DS4PS / cpp-529-fall-2020

http://ds4ps.org/cpp-529-fall-2020/
0 stars 0 forks source link

Lab 5 - Matching columns in the map #25

Open JasonSills opened 3 years ago

JasonSills commented 3 years ago

Hi @lecy ,

I'm having difficulty syncing the GEOID and tractID to construct my map. I see that the two are not the same format. It looks like the GEOID in the data I used to construct my map is FIPs, but all numeric. In the tractID it's standard FIPs. I'm assuming this is my problem and why the two will not merge, so I've tried to pull out the numeric values of the tractID with the following regex. The problem is that I cannot seem to get rid of the "-". Can you tell me what I'm missing out on? Or if there is a better way to sync the two data sets?

regexp1 <- sub('.*-([0-9]+).*?','\\1',d$tractid)
d$geoid1 <- str_extract(d$tractid, regexp1)
d$geoid1

image

JasonSills commented 3 years ago

Okay, I got scrappy and did this, but I'd love to know what regex would pull this out without the additional steps below.

regexp1 <- sub('^[^-]*-([0-9]+).*?','\\1',d$tractid)
d$geoid1 <- str_extract(d$tractid, regexp1)
step1 <- substr(d$geoid1, start = 1, stop = 2)
step2 <- substr(d$geoid1, start = 4, stop = 6)
step3 <- substr(d$geoid1, start = 8, stop = 13)
d$geoid <- paste0(step1,step2,step3)
lecy commented 3 years ago

How about something like:

x <- head( d$tractid )
x
[1] "fips-01-001-020100" "fips-01-001-020200" "fips-01-001-020300"
[4] "fips-01-001-020400" "fips-01-001-020500" "fips-01-001-020600"

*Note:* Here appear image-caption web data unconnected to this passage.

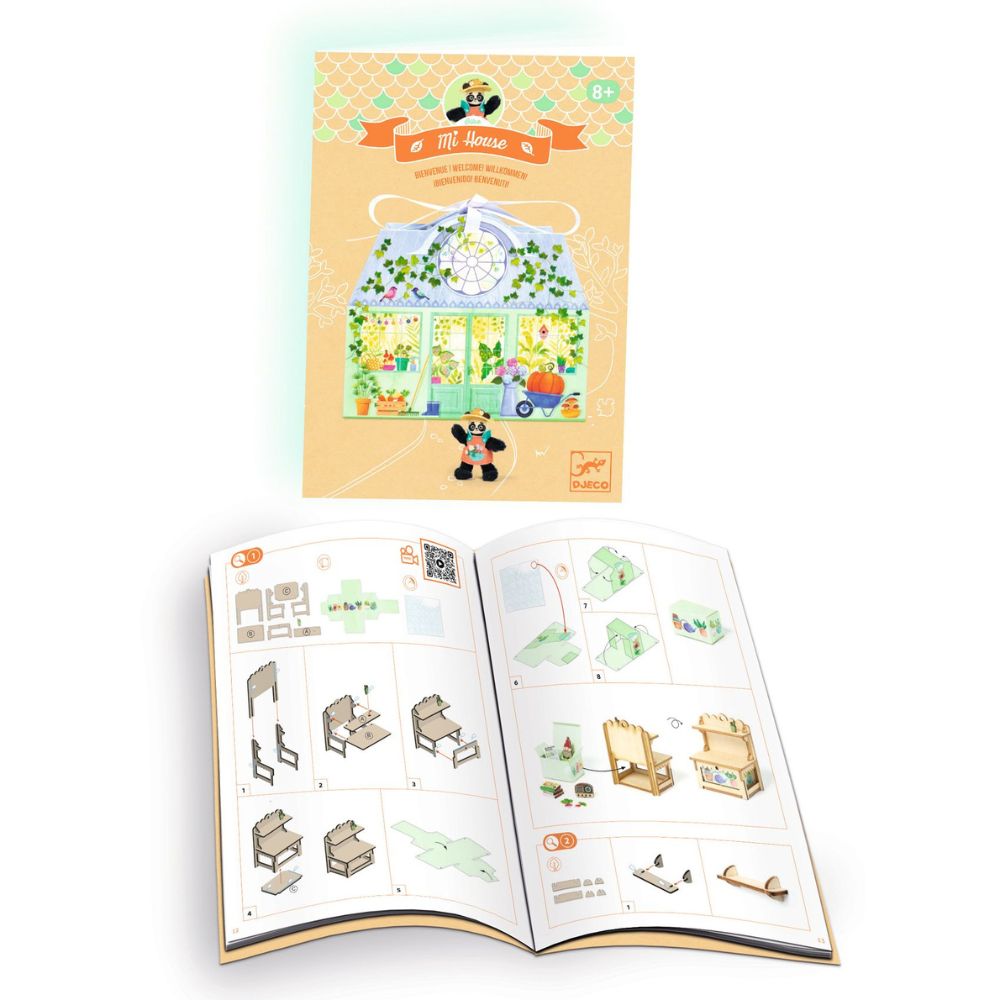 Djeco Mi House - Olive, Make Your Own Mini House with Figurines 1000 x 1000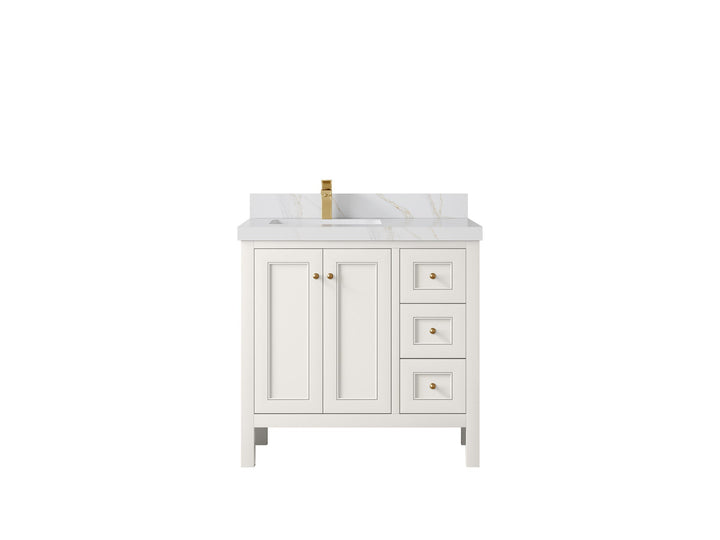 Nashville 36 in. W x 22 in. D Left Offset Sink Bathroom Vanity - photo 27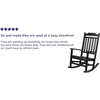 image:imageFlash Furniture Set of 2 Winston AllWeather Rocking Chair in Red Faux WoodBlack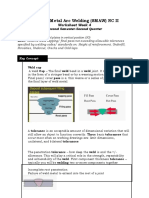 Shielded Metal Arc Welding (SMAW) NC II: Worksheet Week 4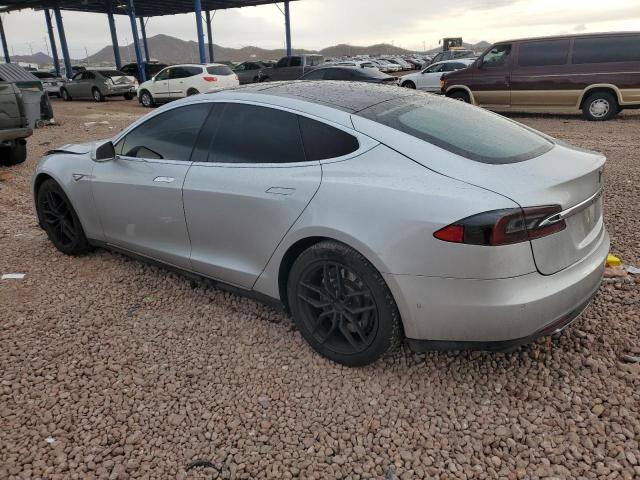 5YJSA1H16EFP60807 - 2014 TESLA MODEL S SILVER photo 2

x <- gsub( "fips", "", x )
x <- gsub( "-", "", x )

x
[1] "01001020100" "01001020200" "01001020300" "01001020400" "01001020500"
[6] "01001020600"

Or more succinctly, use the regular expression for "remove everything but numbers":

x <- head( d$tractid )
gsub( "[^0-9]", "",  x )   # replace not numbers 
[1] "01001020100" "01001020200" "01001020300" "01001020400" "01001020500"
[6] "01001020600"
lecy commented 3 years ago

Remember to convert both IDs to numbers to avoid the leading zero problem!